How do I tell if my generator is charging?


Sent from my iPhone using Tractor Forum


----------



## RC Wells (Dec 26, 2008)

Unlike alternators, generators do not charge at idle.

If your battery is good, start the tractor and run at high idle, use a voltmeter to read across the battery terminals. Voltage should be 13.8 to 14.2 volts.

Unfortunately, this only tells you the condition of both the generator and voltage regulator. If the battery is not reading voltage in the charging range the problem could be either the generator or the regulator, or both.

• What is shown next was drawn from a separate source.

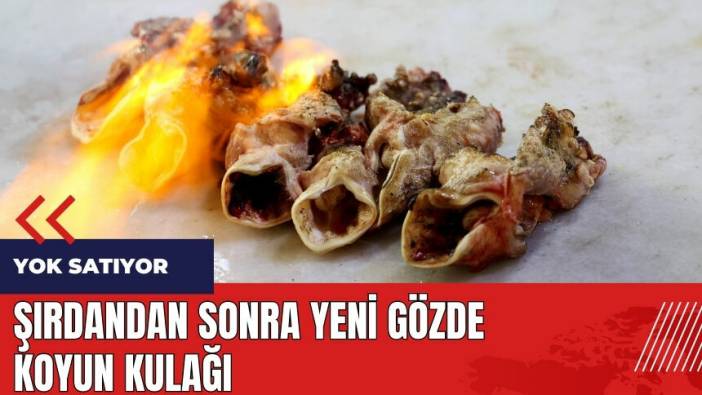 Şırdandan sonra yeni gözde koyun kulağı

A more complicated test that isolates the generator is as follows: Use a battery hydrometer and make sure that the battery is not less than 1.250 specific gravity. 1. Disconnect the wire from the generator regulator marked batt and connect an ammeter in series with its terminal and the disconnected wire. 2. Then connect a jumper wire between the regulator terminal marked F (Field) and the base plate of the regulator, (this bypasses the voltage regulator so it can not operate to control generator output). 3. Start engine with all the tractor's electrics turned off, slowly increase engine speed until ammeter registers 30 amperes, about 1100 RPMs with generator hot (never exceed 1300 RPMs while "F" terminal is grounded). 4. If 30 amperes can not be reached, the generator does not have proper output.

If this last test shows the generator to be good, but the first test at the battery shows low voltage, the problem is likely the voltage regulator.


----------